Interestingly, brain scans of people with hoarding disorder show abnormalities in the region of the brain that is associated with decision-making. For some people with hoarding disorder, the root of the behavior lies in the pleasure they get from acquiring new possessions, particularly at bargain prices (for instance at garage sales or discount stores); for others it is the anxiety that comes with disposing of anything they own that is most problematic.
Are you a Hoarder?
If the following statements describe you, it’s quite likely that you have hoarding disorder.
- You find it difficult to give away, throw away or sell anything you own, regardless of whether or not it has any actual value
- Your possessions are taking over your home or certain parts of it to the extent that the space is unusable for anything else
- You feel uncomfortable letting anyone see your accumulation of possessions because of what they’ll say
- Your intense attachment to your possessions is creating problems – emotional, physical, financial, professional or legal – in your life
In its most recent revision of the Diagnostic and Statistical Manual of Mental Disorders, hoarding disorders has been identified as a distinct problem with specific recommended treatments. Many people with hoarding disorder also have obsessive-compulsive disorder, anxiety and/or depression, issues which also must be addressed for treatment to be successful.
Feel Good Naturally
Many so-called “shopaholics” have lost their ability to feel good naturally, without buying things. It’s understandable to want to experience pleasure – and with practice, it’s easy to do naturally, instantly, almost anywhere!
Mindfulness is the art of living in the present moment. Though you may have some uncomfortable feelings, such as anger (about what’s past) and anxiety (about what lies ahead), being able to pay attention to where you are right now and enjoy this moment is key to being able to function well.
When you find yourself with an urge to shop (which is really an urge to do something that makes you feel good), try this instead – it’s a way to interrupt your habitual way of thinking, shift the impulse to buy in a different direction and focus on finding pleasure in where you are and what you are doing.
The first step is to quiet your mind. It’s a fact that you cannot listen and think at the same time (and “thinking” in this context refers to the anxious, impulsive and/or compulsive thoughts that are looping in your brain).
Here’s what to do: Where ever you are, whatever you are doing, if you find that anxiety is building within, take 3 – 5 minutes to just sit and listen, with your full attention, to the sound in your environment. Whether what you hear is a lawn mower, rain, music, the air conditioner, music or even just the sound of your own breathing, listen closely.
Next comes deep breathing. I like a form deep breathing that I learned while working on my fellowship with Dr. Andrew Weil. It’s called “4 – 7-8 Breathing” and it’s a simple technique that has been shown to quiet the mind and calm the body.
- Exhale, completely emptying your lungs.
- Close your mouth and inhale through your nose, four a count of 1 – 2-3 – 4.
- Hold your breath for a count of 7.
- Exhale, completely (make a “whooshing” sound to help empty your lungs) to a count of 8.
- Repeat the cycle several times.
Now that you’ve calmed yourself – physically and mentally – you can examine your feelings and uncover the source of your anxiety, the reason you are feeling compelled to shop. Do this by asking yourself “What am I feeling?
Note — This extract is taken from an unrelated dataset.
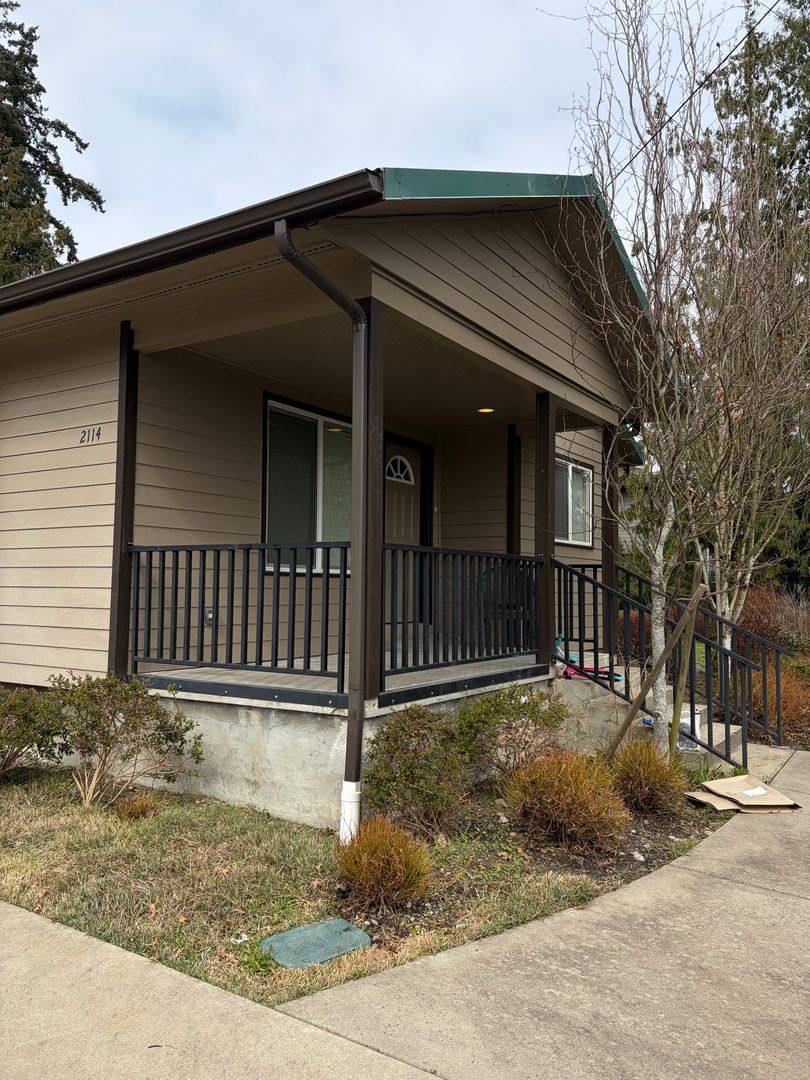 House for rent at 2114 S Fruitland, Puyallup, WA 98371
Am I in reaction to something?”
If the answer is yes, ask yourself “What am I reacting to?” Is the anxiety based on things that happened in the past or fears about what might happen in the future? Or is there something happening right now that requires your focus and attention in a problem-solving way?
If your answer to the “Am I in reaction” question relates to the past or the future, try this technique to bring yourself into the here and now. This is something I do regularly in my own life. I learned it from Eckhart Tolle, author of The Power of Now and A New Earth. What he does is to observe and describe each moment as he lives it. In an interview with Oprah, he discusses what it looks like to be in the present moment by describing himself waiting in his hotel room for a car to arrive to take him back to a lecture hall. “The car come and the telephone rings, simple; I go downstairs and get in the car, simple; on the drive, blue sky, green trees, simple.”
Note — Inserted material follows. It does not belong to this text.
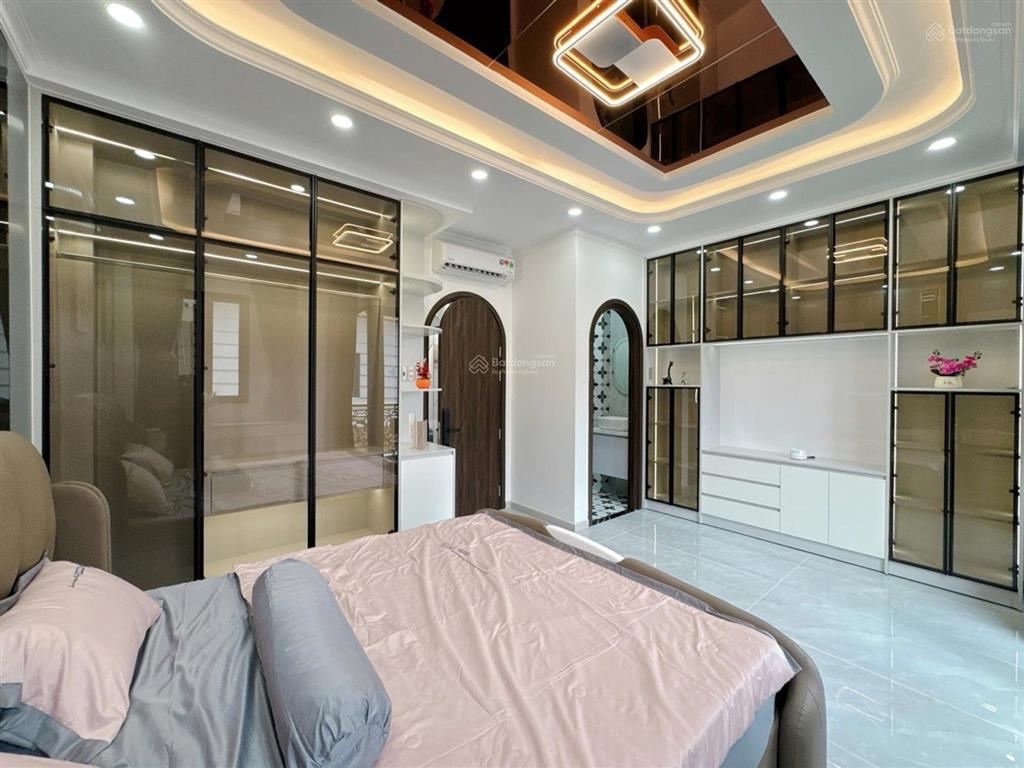 Dương cát lợi  tt nhà bè  60m2 ngang 5m  nhà 5 tầng có thang máy  8 tỷ 800 triệu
This works so well for me that I’m able to bring my awareness into the present very quickly by just repeating to myself, “blue sky, green tree.” It’s like a mantra that brings on a meditative moment for me. When I find myself feeling overwhelmed and anxious about life, no matter where I am (even in Manhattan!) I find that almost always there’s a tree outside and sky above that I can use to focus my attention. “Blue sky, green tree” has become my signal to stop, tune in to the world around me and turn off my anxious thoughts. Try it! Feel free to use these words or find some that work for you.